Bedsores : a serious medical problem

Bedsores, also referred to as pressure sores and decubitus ulcers, are a serious medical problem. Unfortunately, elderly nursing home residents and hospital patients are typically the ones who develop these sores. Decubitus ulcers are painful and result from prolonged pressure on an area of the body that has a bony prominence and a thin covering of flesh. Examples of common pressure sore areas include the tailbone, heels, elbows, and shoulder blades. Bedsores can be caused by a variety of factors, including:

  • The presence of moisture due to unchanged adult diapers and wet sheets
  • Malnutrition and dehydration
  • Immobility
  • The failure of nursing care providers to reposition bedridden patients regularly

In order to prevent decubitus ulcers, it is imperative that the resident be turned and repositioned frequently. People that cannot move on their own should be turned and repositioned every two hours in order to prevent skin breakdown.

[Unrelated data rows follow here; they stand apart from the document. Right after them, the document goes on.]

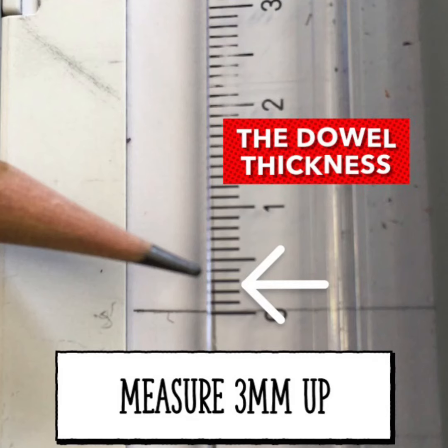Measure 3 mm from your bottom line and draw a guideline across the page. This is for the dowel thickness. All dowels are 3 mm diameter.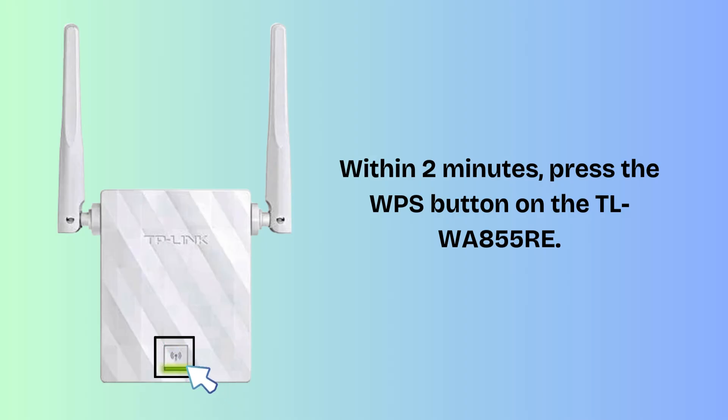Within two minutes, press the WPS button on the TL-WA855RE. The extender's LED will start blinking. Wait for the LED light to turn solid blue — it takes a few seconds. The solid blue light indicates a successful connection.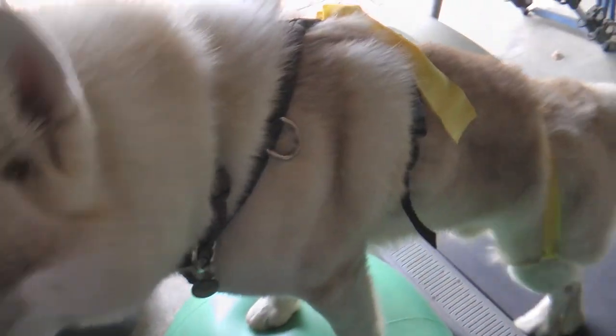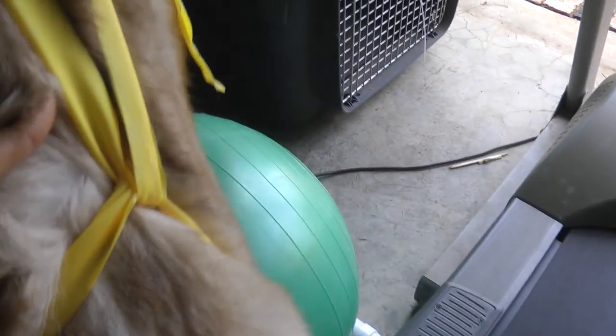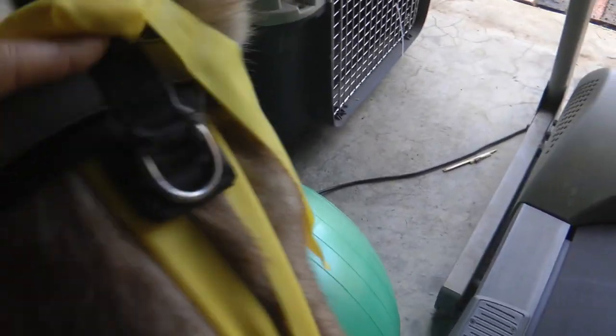I have a harness on him just to give me a little bit more control. We're using the TheraBand with the loops, so each leg is through a loop, and then it's up over his back tied in a little knot here — as you can see through all the fur — and then tied to his harness.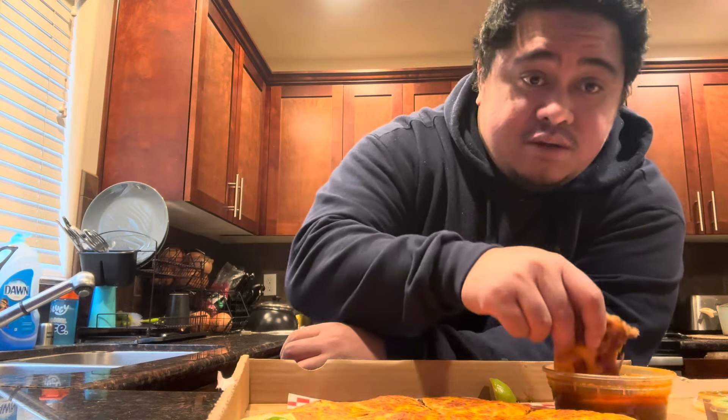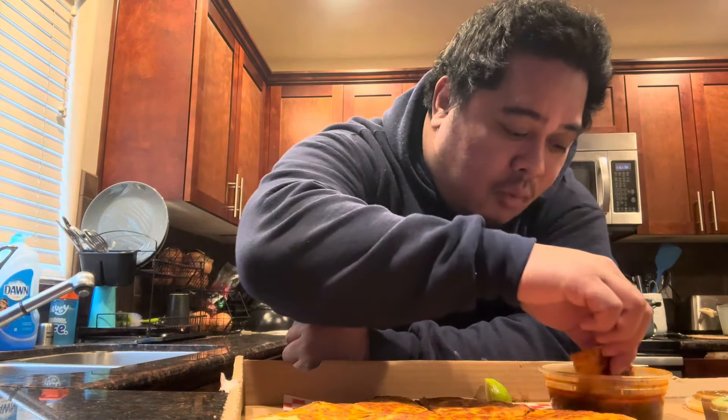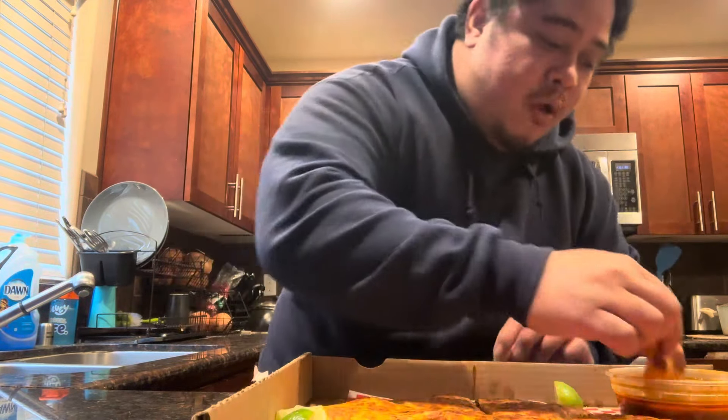Man, this pizza dealer is hella bomb. Drop a like and a sub. Boy, boy. Man, this is something cute. That's actually warm.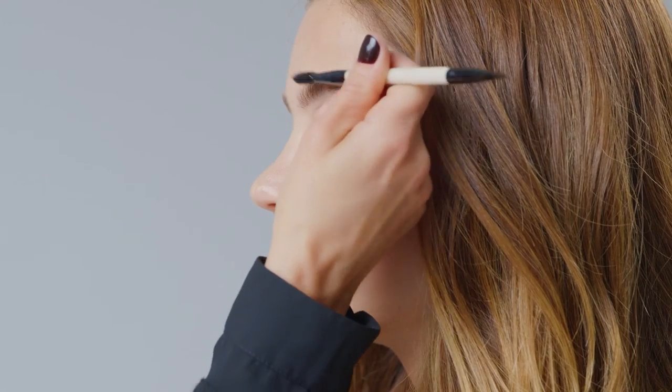You could use the spoolie to keep the hair up. This defines and also grooms the brow. See how natural? Definition that lasts for 24 hours.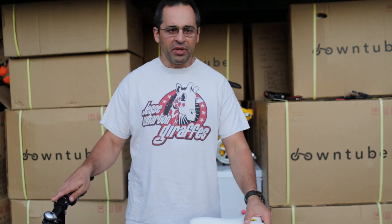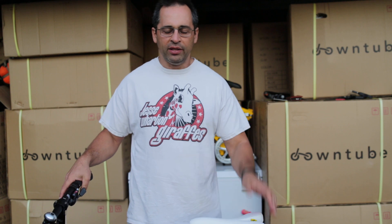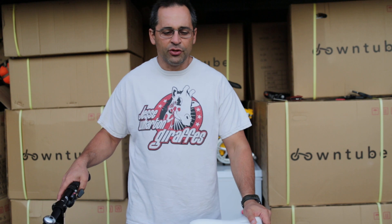Number one, you can disassemble the thing completely and put it in a regulation size suitcase or whatever. That works for some people. Generally my understanding is it takes about 40 to 45 minutes to disassemble a bike and then reassemble it. We have forums online — that's usually the going time rate that's provided. The first time always takes a lot longer, but generally it's in that range.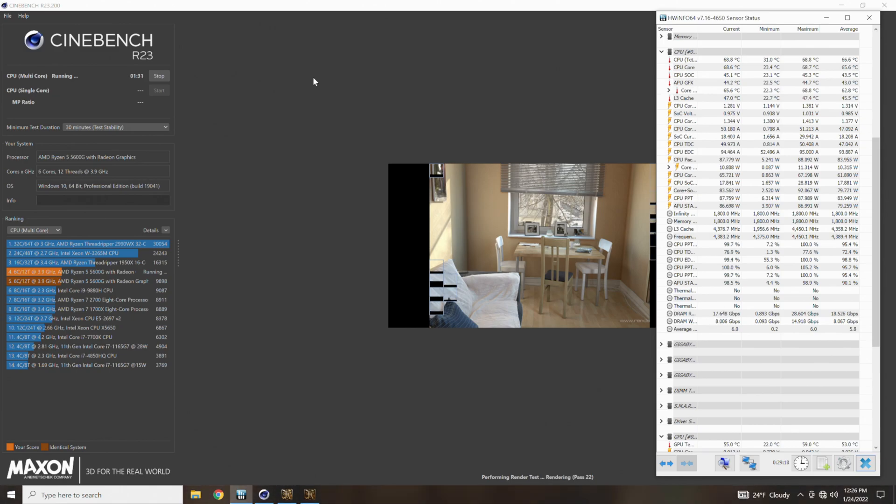The Noctua NH-U12S Chromax Black is the CPU cooler we have for today's temperature testing — to see how well it stacks up against other 120mm tower-style coolers. When choosing which test bed to put this on, I was a little conflicted because it is a 120mm tower-style cooler, but with the price of this one I feel you shouldn't be using it on a low-end or budget system.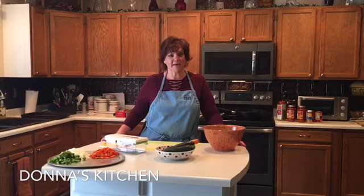Hi everybody, welcome to Donna's Kitchen. Today we are making lasagna. First I want to say happy Easter — it's Sunday, April 12th, 2020, and I'm not sure what day — 25, 28 or so of the quarantine for us. Hope you all get to enjoy with your family as best you can, whether it's on video or on the phone.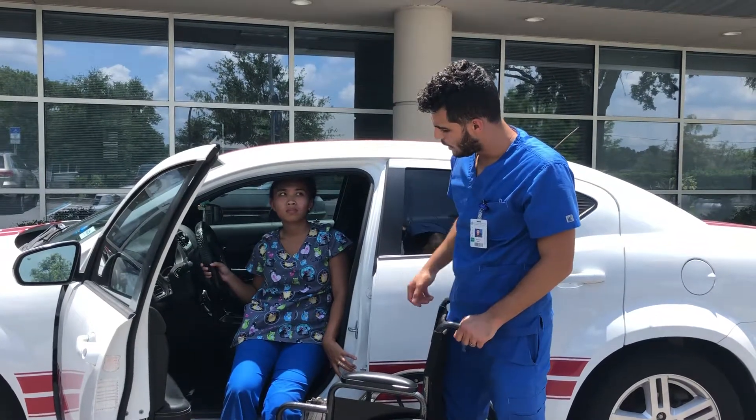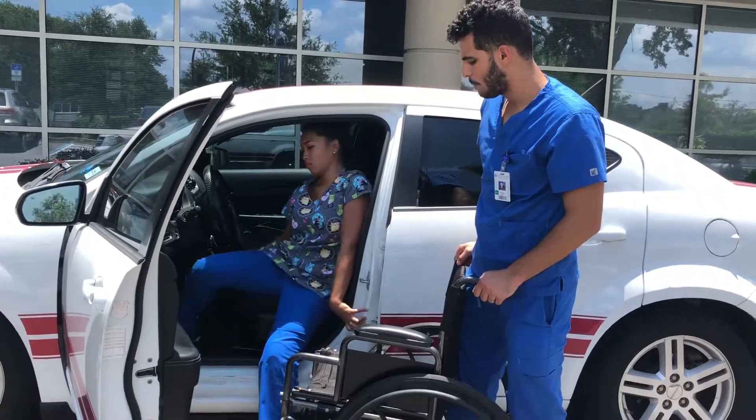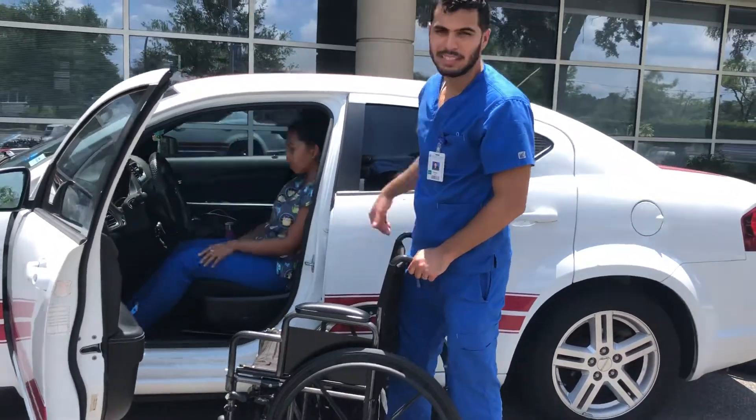From here, go ahead and grab the right leg and put it inside the car. Then grab the left leg and put it inside the car. And she's in.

People who have bedsores suffer immense pain and can even die. In one alarming case, a Pennsylvania nursing home resident suffered a severe decubitus ulcer that was so deep, it penetrated her internal organs and her bowel drained from her hip. She eventually died.

What is more alarming is that most bedsores can be prevented. Additionally, when the sores do develop, most can be cured. Despite this, it is estimated that as many as one-fourth of nursing home residents fall victim to bedsores at some point during their stay. Many elderly nursing home residents are at high risk for developing pressure sores. High risk factors for decubitus ulcers include:

  • Residents aged 75 and older
  • Residents needing help with feeding and those totally unable to feed themselves
  • Residents who have a limited ability to reposition themselves, which may be  caused by physical inability or the use of restraints
  • Residents who cannot sense the need to reposition
  • Residents who are underweight
  • Residents who suffer from decreased mental status
  • Residents with dry skin
  • Residents who are incontinent
  • Residents with special medical conditions, including diabetes, cancer, and multiple sclerosis

The law requires that a nursing home must ensure that a resident does not develop bedsores, unless the resident’s medical condition shows that the bedsores were unavoidable.

Many times, however, the development of bedsores is avoidable, and the reason for their development is the negligence of the nursing home. It is also important to note that the law also requires the nursing home to prevent the progression of any bedsores the resident may have at, or during, admission to the nursing home facility.